Problem description:
The material beneath this line should be printed exactly, with its pictures omitted.

── Collected data ──

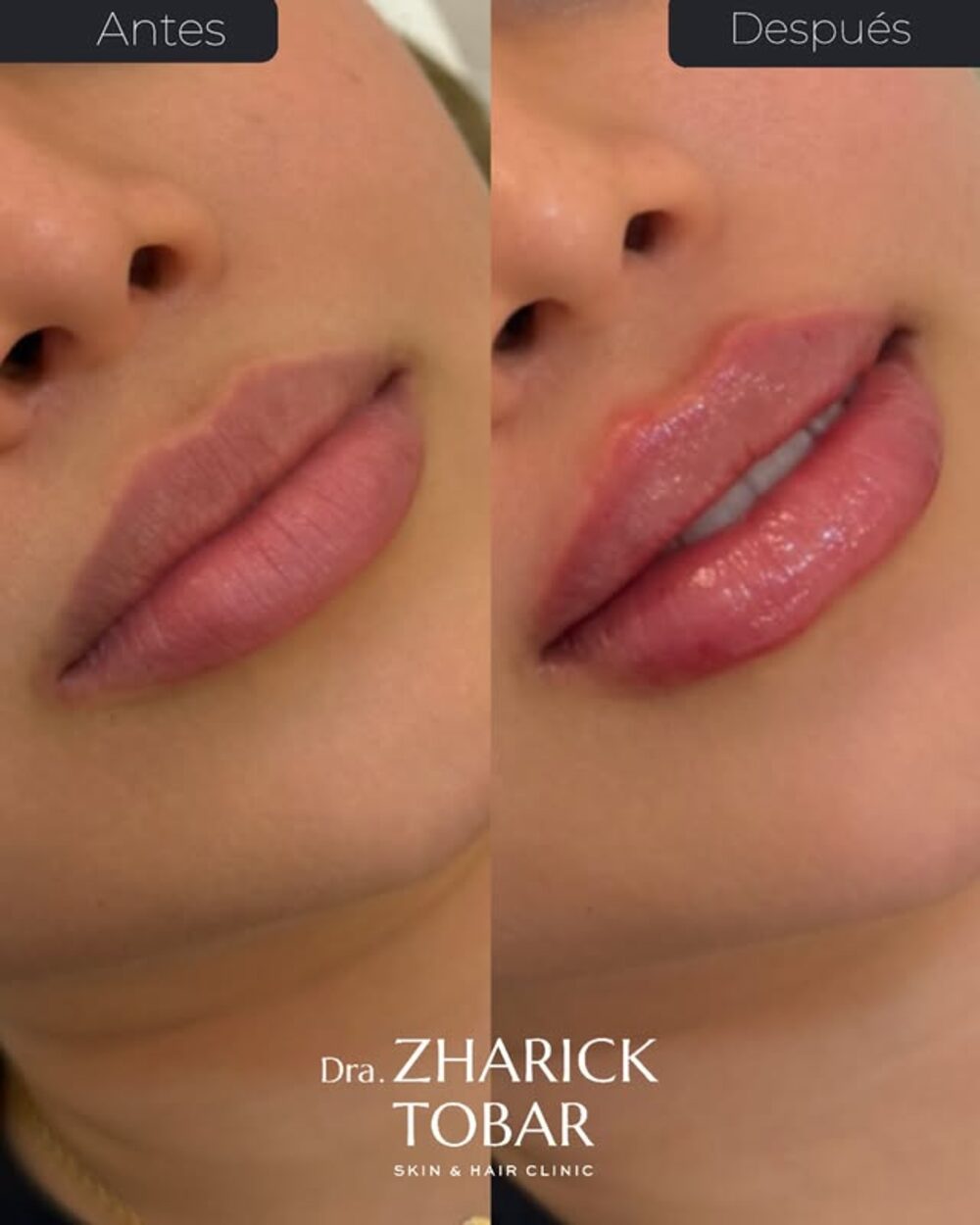 Antes y después de aumento de labios, vista de perfil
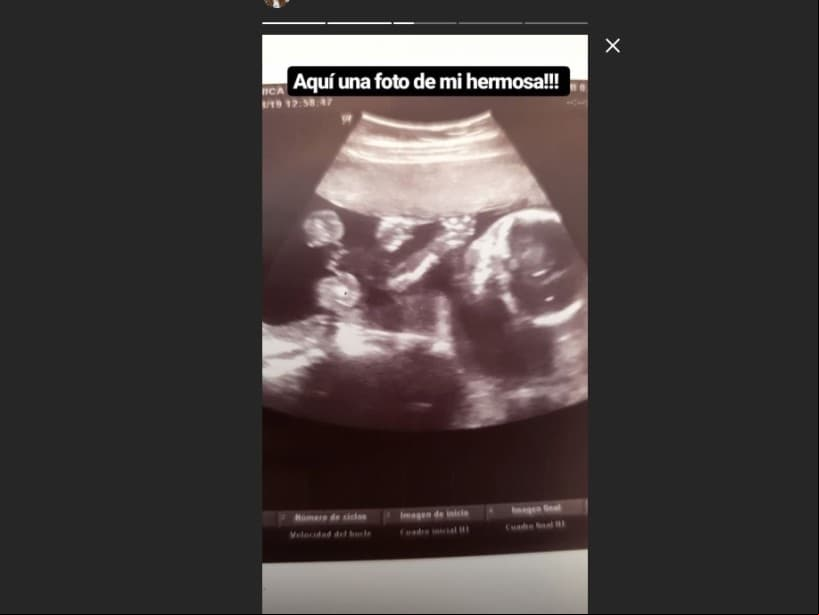 A mediados de agosto, la actriz compartió, a través de una historia en su cuenta de Instagram, una imagen de su ultrasonido, la cual acompañó con la frase: “aquí una foto de mi hermosa”.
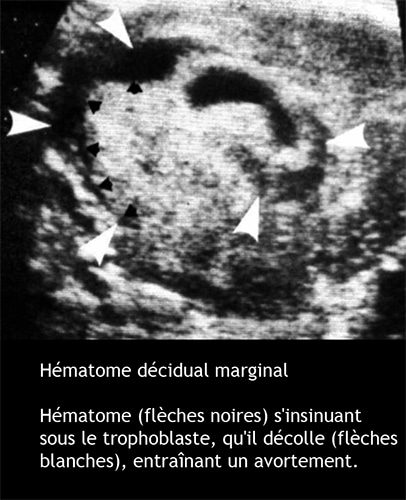 hématome décidual
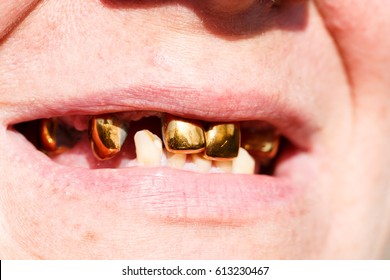 Gold Teeth Images, Stock Photos & Vectors | Shutterstock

───

Output for this task:
 Antes y después de aumento de labios, vista de perfil
 A mediados de agosto, la actriz compartió, a través de una historia en su cuenta de Instagram, una imagen de su ultrasonido, la cual acompañó con la frase: “aquí una foto de mi hermosa”.
 hématome décidual
 Gold Teeth Images, Stock Photos & Vectors | Shutterstock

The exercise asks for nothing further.